The General Secretary of the GMWU, Abdul-Moomin Gbana, also said the security situation within mining communities and mining companies in particular continues to be a major worry for the union.
He warned that with the continuous security threat on the lives of members, the country risks serious industrial action across the mines.
“We expect that our social partners, the Ghana Chamber of Mines, must equally be weary of what is going on and it is extremely important that they are”, he said.
Mr. Moomin-Gbana added, “If not, it is better that we withdraw our services, protect our live rather than to sacrifice our lives in the line of our duties.
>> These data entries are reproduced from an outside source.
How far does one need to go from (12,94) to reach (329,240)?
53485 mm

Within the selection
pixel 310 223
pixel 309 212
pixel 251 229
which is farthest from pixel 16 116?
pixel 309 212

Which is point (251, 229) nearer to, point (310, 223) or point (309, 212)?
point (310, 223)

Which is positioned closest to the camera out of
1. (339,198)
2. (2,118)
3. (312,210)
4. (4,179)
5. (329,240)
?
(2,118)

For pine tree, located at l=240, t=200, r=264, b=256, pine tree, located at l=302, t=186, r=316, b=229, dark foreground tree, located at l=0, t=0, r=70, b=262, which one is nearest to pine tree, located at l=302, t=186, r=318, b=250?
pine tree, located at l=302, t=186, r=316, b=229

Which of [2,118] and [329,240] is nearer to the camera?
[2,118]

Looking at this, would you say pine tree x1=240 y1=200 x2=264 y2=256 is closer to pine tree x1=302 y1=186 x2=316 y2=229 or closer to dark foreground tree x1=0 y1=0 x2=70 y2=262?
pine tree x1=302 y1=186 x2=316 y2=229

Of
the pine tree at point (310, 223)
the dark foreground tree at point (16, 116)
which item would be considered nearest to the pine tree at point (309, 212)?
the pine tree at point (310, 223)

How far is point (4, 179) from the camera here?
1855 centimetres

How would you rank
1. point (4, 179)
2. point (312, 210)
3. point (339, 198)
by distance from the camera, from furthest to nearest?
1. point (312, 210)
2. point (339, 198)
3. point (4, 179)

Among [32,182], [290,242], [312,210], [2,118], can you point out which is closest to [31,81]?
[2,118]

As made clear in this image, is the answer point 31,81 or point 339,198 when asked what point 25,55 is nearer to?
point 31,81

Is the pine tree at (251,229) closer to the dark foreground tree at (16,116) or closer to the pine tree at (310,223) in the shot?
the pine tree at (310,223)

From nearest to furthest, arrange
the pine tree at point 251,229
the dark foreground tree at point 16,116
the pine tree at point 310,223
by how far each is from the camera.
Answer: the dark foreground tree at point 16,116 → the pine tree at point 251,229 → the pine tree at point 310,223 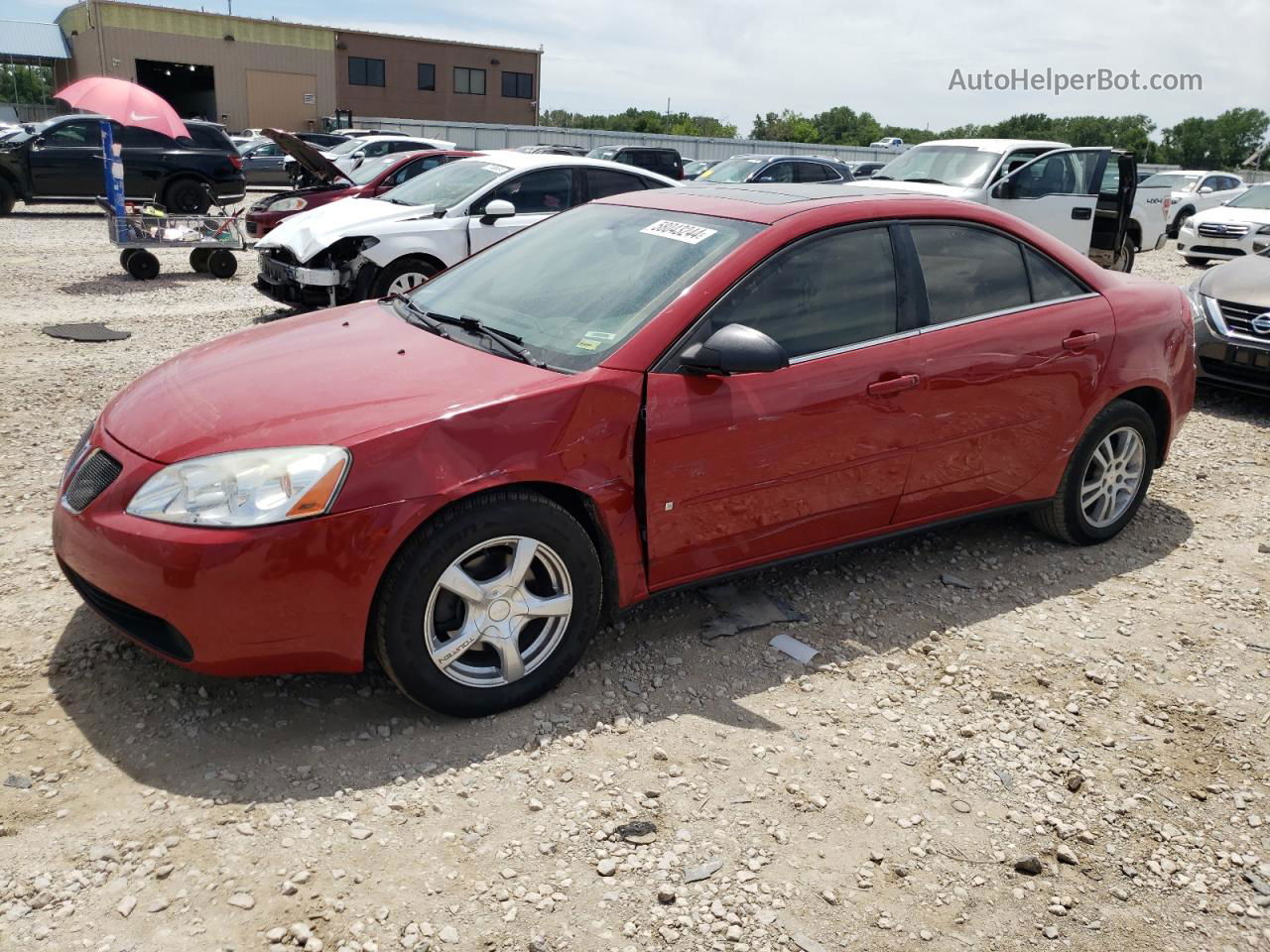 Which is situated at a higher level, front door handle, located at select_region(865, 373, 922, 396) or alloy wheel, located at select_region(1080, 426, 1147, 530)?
front door handle, located at select_region(865, 373, 922, 396)

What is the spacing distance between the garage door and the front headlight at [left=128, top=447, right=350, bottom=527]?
5208cm

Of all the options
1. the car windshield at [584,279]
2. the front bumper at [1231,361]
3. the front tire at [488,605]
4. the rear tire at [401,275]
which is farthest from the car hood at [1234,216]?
the front tire at [488,605]

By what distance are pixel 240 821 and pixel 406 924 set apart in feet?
2.07

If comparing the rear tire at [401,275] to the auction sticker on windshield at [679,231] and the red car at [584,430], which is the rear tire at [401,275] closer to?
the red car at [584,430]

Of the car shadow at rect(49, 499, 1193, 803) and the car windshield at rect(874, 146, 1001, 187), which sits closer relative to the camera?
the car shadow at rect(49, 499, 1193, 803)

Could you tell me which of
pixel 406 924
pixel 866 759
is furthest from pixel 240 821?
pixel 866 759

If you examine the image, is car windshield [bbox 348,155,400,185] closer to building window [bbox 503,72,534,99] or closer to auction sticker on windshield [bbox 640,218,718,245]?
auction sticker on windshield [bbox 640,218,718,245]

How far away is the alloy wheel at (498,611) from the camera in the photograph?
3.09m

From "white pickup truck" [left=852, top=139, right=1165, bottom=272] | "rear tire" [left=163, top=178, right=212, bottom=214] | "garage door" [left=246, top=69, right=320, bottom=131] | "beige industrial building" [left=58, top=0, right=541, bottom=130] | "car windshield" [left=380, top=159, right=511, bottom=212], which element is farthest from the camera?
"garage door" [left=246, top=69, right=320, bottom=131]

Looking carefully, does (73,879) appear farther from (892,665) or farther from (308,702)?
(892,665)

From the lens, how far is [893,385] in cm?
378

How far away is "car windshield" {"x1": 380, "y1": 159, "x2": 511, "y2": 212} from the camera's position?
9.41 m

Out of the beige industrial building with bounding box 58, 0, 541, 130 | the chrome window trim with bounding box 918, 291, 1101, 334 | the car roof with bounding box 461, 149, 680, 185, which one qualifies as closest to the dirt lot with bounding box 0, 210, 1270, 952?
the chrome window trim with bounding box 918, 291, 1101, 334

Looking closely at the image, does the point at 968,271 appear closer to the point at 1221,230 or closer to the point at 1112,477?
the point at 1112,477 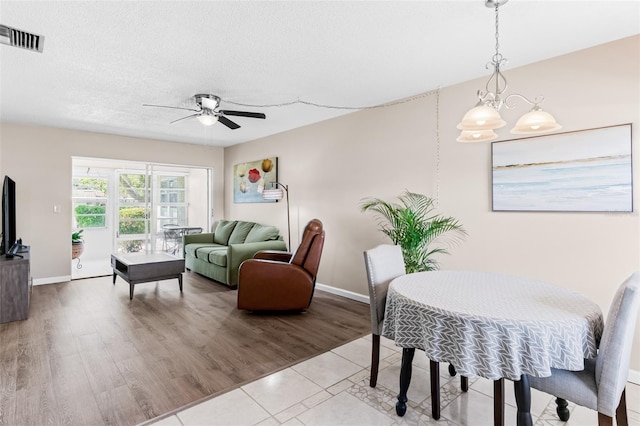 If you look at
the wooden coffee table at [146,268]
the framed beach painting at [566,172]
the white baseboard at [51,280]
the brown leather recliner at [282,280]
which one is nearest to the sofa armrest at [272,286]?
the brown leather recliner at [282,280]

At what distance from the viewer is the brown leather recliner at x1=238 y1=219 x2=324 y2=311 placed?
3553 mm

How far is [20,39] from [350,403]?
11.1 ft

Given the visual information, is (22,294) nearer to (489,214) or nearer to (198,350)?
(198,350)

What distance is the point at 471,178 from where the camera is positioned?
3160mm

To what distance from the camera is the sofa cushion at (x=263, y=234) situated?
518cm

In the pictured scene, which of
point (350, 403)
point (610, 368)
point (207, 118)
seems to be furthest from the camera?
point (207, 118)

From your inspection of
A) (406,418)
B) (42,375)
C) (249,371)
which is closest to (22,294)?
(42,375)

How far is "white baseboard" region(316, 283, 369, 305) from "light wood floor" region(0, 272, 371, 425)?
0.09m

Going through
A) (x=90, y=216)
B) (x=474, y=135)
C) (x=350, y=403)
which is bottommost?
Result: (x=350, y=403)

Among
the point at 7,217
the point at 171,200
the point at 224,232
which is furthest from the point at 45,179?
the point at 224,232

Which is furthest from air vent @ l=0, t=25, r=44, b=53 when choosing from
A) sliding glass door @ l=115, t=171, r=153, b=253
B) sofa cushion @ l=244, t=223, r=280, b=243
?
sliding glass door @ l=115, t=171, r=153, b=253

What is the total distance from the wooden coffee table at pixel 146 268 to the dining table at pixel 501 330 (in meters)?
3.59

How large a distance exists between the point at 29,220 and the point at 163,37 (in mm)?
4407

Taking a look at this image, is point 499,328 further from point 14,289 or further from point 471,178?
point 14,289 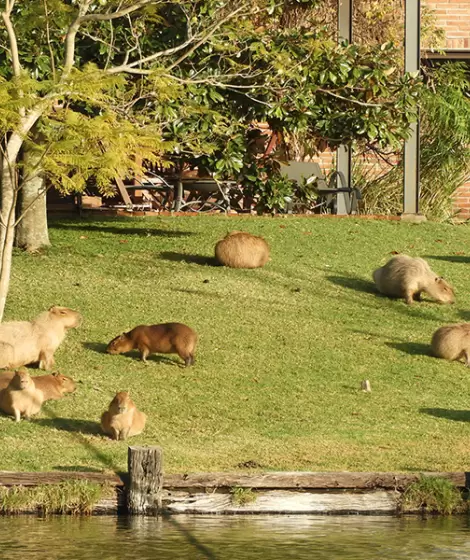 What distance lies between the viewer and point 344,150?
24172 mm

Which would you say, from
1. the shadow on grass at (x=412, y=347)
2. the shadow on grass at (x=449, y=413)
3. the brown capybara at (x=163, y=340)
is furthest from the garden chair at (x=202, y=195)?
the shadow on grass at (x=449, y=413)

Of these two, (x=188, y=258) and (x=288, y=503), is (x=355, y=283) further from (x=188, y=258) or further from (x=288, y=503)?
(x=288, y=503)

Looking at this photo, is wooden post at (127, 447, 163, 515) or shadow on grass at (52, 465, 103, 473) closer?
wooden post at (127, 447, 163, 515)

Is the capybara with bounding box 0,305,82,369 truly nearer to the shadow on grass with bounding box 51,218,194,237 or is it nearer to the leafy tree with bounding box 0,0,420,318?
the leafy tree with bounding box 0,0,420,318

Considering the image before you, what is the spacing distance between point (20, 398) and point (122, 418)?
3.31ft

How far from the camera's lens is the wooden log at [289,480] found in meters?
10.6

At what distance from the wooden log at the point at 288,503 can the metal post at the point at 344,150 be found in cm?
1359

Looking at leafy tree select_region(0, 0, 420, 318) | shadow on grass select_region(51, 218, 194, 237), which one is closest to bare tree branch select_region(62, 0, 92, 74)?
leafy tree select_region(0, 0, 420, 318)

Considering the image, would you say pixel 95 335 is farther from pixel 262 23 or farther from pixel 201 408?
pixel 262 23

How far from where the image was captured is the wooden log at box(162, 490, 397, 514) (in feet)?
34.7

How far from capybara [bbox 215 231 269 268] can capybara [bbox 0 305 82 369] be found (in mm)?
4382

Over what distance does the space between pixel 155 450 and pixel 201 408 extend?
2.86 meters

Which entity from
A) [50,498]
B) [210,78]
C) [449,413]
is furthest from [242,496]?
[210,78]

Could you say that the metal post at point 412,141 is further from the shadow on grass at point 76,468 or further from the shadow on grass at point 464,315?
the shadow on grass at point 76,468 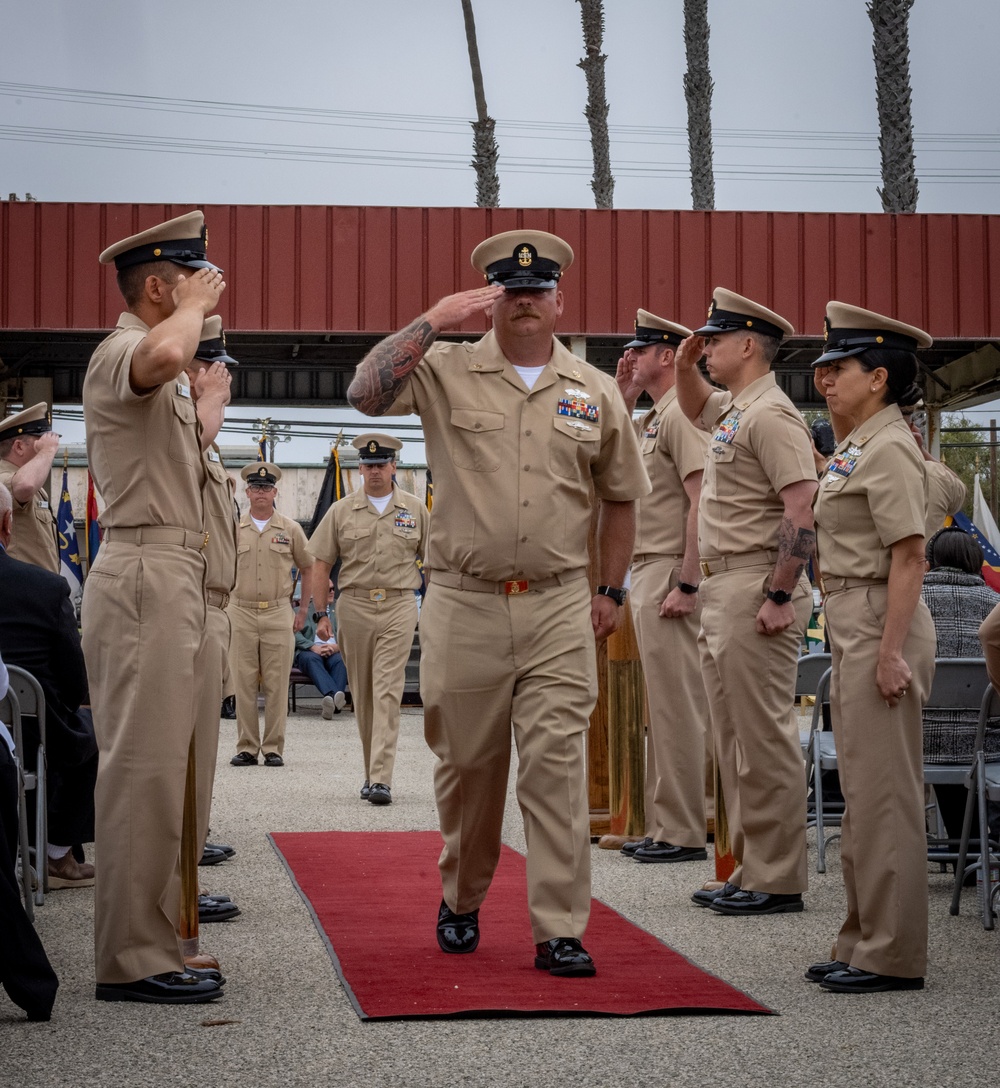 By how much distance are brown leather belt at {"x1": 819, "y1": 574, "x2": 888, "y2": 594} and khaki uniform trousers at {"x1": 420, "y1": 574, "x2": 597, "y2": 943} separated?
762 mm

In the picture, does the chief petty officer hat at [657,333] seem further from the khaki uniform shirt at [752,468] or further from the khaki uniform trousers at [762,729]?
the khaki uniform trousers at [762,729]

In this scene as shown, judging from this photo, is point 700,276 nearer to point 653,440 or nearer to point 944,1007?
point 653,440

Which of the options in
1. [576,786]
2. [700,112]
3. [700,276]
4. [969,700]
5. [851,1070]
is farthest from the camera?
[700,112]

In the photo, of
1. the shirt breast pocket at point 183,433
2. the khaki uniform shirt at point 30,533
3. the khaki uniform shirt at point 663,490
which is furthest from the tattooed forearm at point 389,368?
the khaki uniform shirt at point 30,533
And so we will withdraw our services if we witness any further incidences that threaten the lives of our people and it is not going to be about withdrawal of just one constituency or the other, but withdrawal of services across the mining industry.”
The GMWU National Executive meeting also afforded the members the opportunity to discuss development within the mining sector in relation to new forms of employment modules being forced down the throat of Ghanaian miners.
The meeting also deliberated on how to strategically position the investment wings of the GMWU to sustain the business and offer enhanced returns to members.
At the programme was the Deputy Secretary General of TUC, Joshua Ansah, who pledged the full support of the TUC to the GMWU in the face of deliberate attempt by management of some mining companies to undermine the Mineworkers’ Union and warned that the unity that Organised Labour demonstrated in the public sector workers demand for Cost of Living Allowance, COLA recently, may be resorted to, to get the mining companies to respect the country’s constitution and the labour laws.